Exclude the pictures and set down, unaltered, the lines from the one that holds "2016 Ford Endeavour" through the end of the data.

Data items:
※

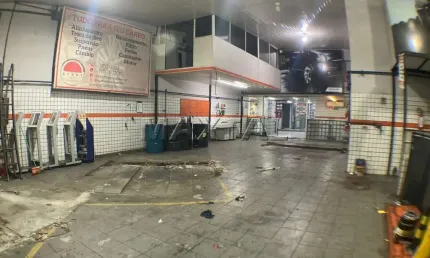 Galpão Comercial com Mezanino e Banheiros, de 300m² na Zona Norte.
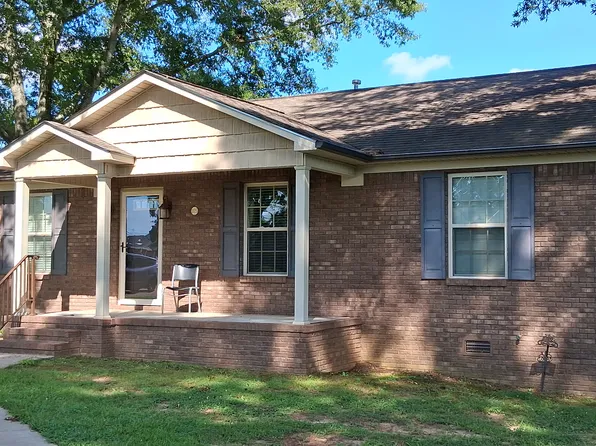 105 Oak Ln, Rogersville, AL 35652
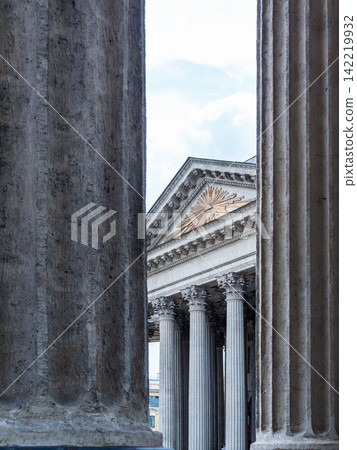 colonnade of Kazan Cathedral, St Petersburg city colonnade of Kazan Cathedral, St Petersburg city 142219932
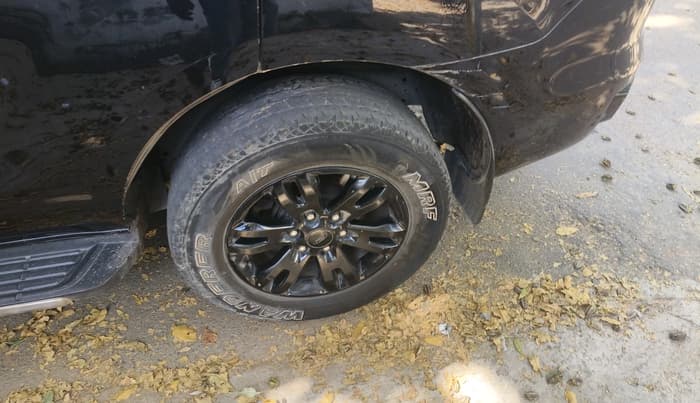 2016 Ford Endeavour TITANIUM 3.2 4X4 AT, Diesel, Automatic, 1,40,915 km, tyre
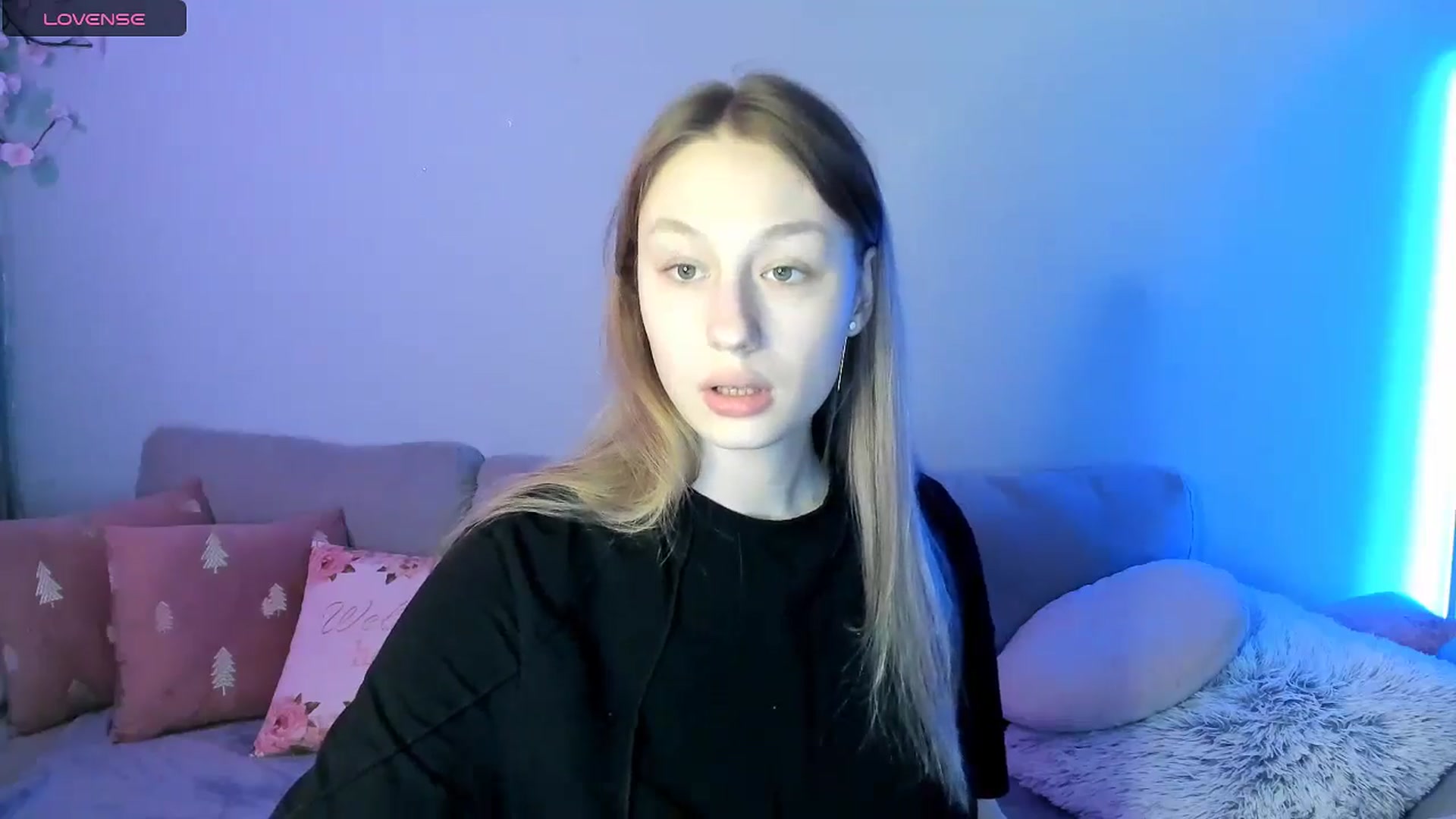 Gallery image thumbnail from NicolePax's myfreecams stream on, 03/24/2026, 18:44 image 6 of 20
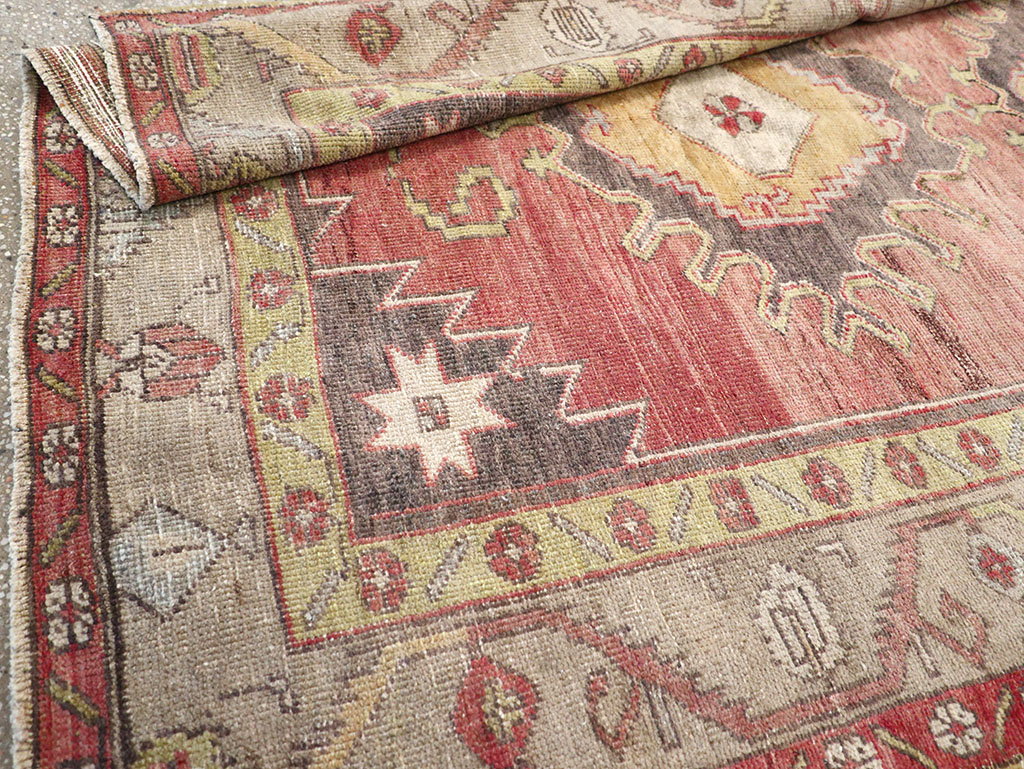 Vintage Turkish Anatolian Gallery Rug, No.32326 - Galerie Shabab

※

## [TASK ANSWER]
 2016 Ford Endeavour TITANIUM 3.2 4X4 AT, Diesel, Automatic, 1,40,915 km, tyre
 Gallery image thumbnail from NicolePax's myfreecams stream on, 03/24/2026, 18:44 image 6 of 20
 Vintage Turkish Anatolian Gallery Rug, No.32326 - Galerie Shabab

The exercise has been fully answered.